教育学部教員コラム vol.95
2015.09.01 こども発達学科 城倉 登代子
教員の専門である臨床心理学の領域の中から、普段のゼミナールでは発達検査を学んだり、ケース検討をしたりしている。将来的に他者に心理療法や教育を行なう立場となっていく前に、ゼミナールの中で逆に治療を受ける側の体験をすることも貴重であろう。そこで簡単に受けられるセラピーとして、今年は「森林セラピー」を選んだ。これは森林セラピーの間に呼吸法等を学び、森林浴の効果を前後の生理指標の比較によって実証する。

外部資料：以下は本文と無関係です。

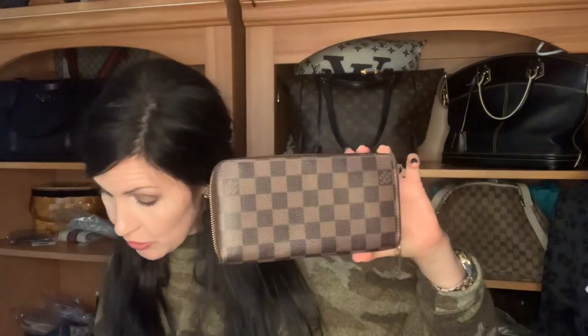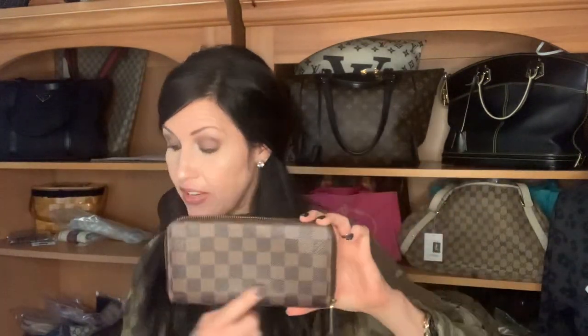Actually, there's probably more detail on my website, so just go to thatcrazyhandbaglady.com. Anyway, if you know anything about me at all, if you've been following me or watching my live sales, you know that I always talk about how much I love the zippy wallet style. The first one that I ever learned about was the traditional Zippy, and this one measures seven and a half inches wide by four inches tall by about one inch deep.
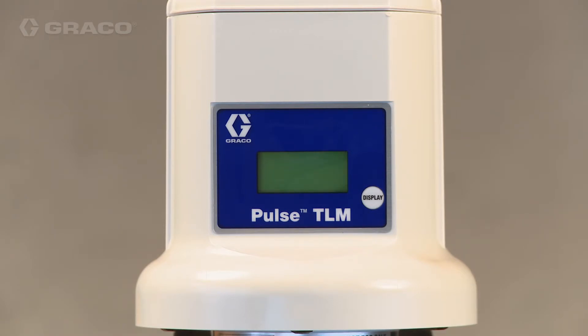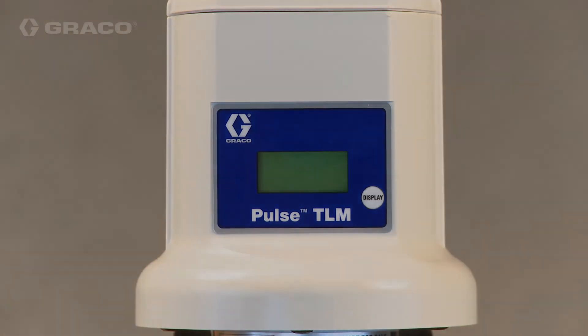Once the TLM is assigned to a tank in the Pulse software, you must press the measurement button one time to update the TLM's profile and synchronize its time with the Pulse system.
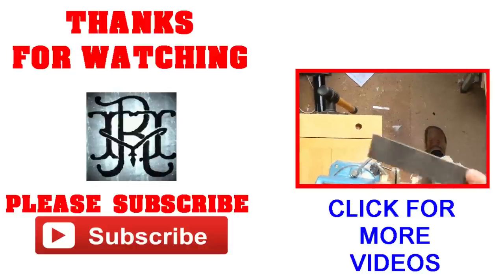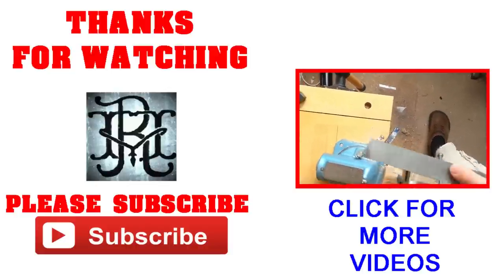For more videos from ourselves, if you would please like and subscribe to our videos. Thank you.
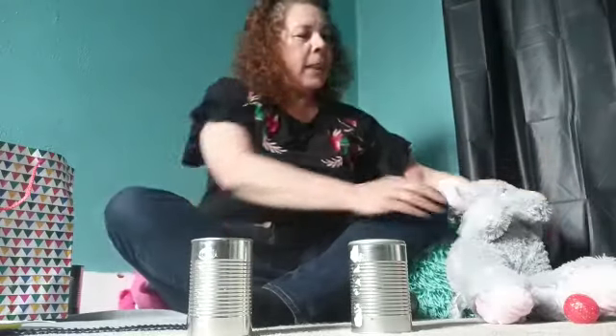Okay, guys. Can you say goodbye to everybody? Say goodbye. Goodbye, everybody. Love you.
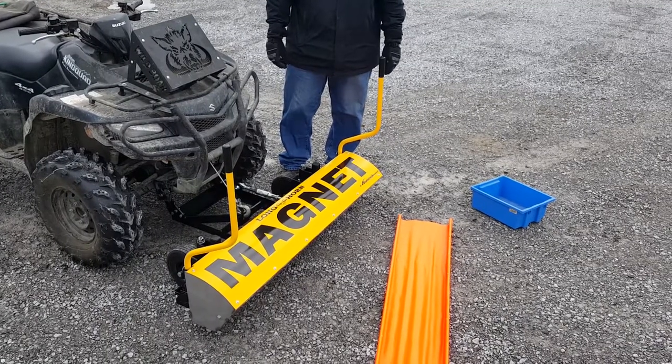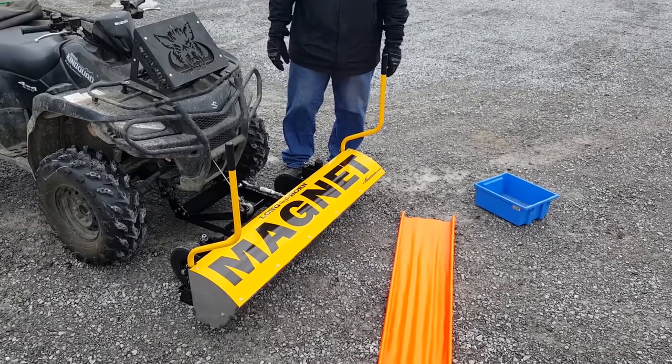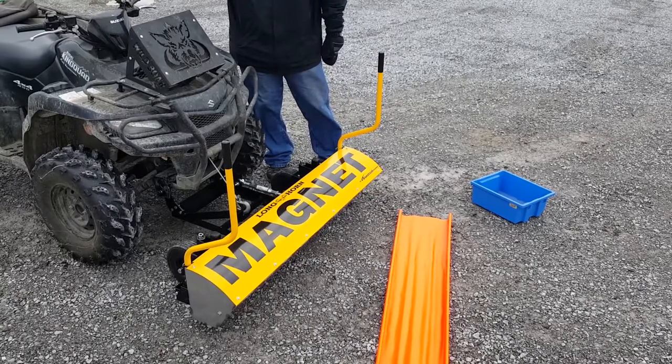This is a video demonstrating how to clean off the metal debris from your Longhorn. Now that you've driven around and you've picked up all your nails or whatever metal debris you're trying to pick up, you lift the Longhorn up with a winch that's on your ATV.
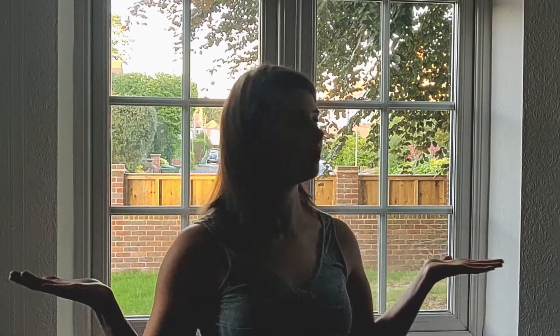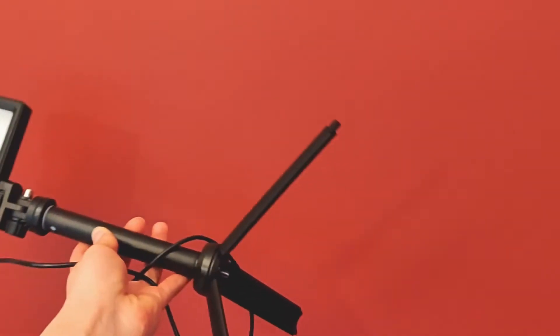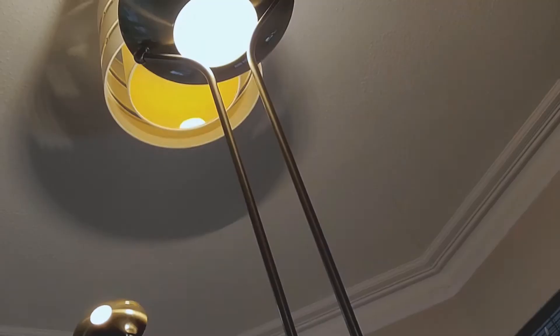How to set up for a self-tape: find a blank wall or background — something simple, not busy. A white wall is perfect. Check the lighting — don't stand in front of a window as your face will not be lit. Use natural light when you can. If not, place lamps in positions to light the scene. You can use a fancy light or you can use the IKEA lamp that your mum bought you for Christmas — it works a treat.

しかしながら今回の七沢森林公園においては、多くの学生がセラピー後の測定では副交感が下がって、ストレス点数が上がってしまった。水口ら(2012)にも「身体の負荷により、新たなストレスが発生する可能性」が指摘されている。森林ガイドによる山ヒルへの注意喚起や、優雅なお散歩ではなくてほぼ登山だったことなどが原因だろうか。それとも、セラピーの効果は生理指標では見られないのか。
いやカウンセリングも、自分と向き合うクライエントにとっては楽しいものではない。そう、本来のセラピーとは苦しいものなのだ。これが実感出来たことこそが、大きな収穫だったと信じたい。
水口陽子ら:森林セラピー及びノルディックウォーキング参加者の心身反応に関する研究 2012 医学と生物学156(4)212-218
城倉 登代子(こども発達学科)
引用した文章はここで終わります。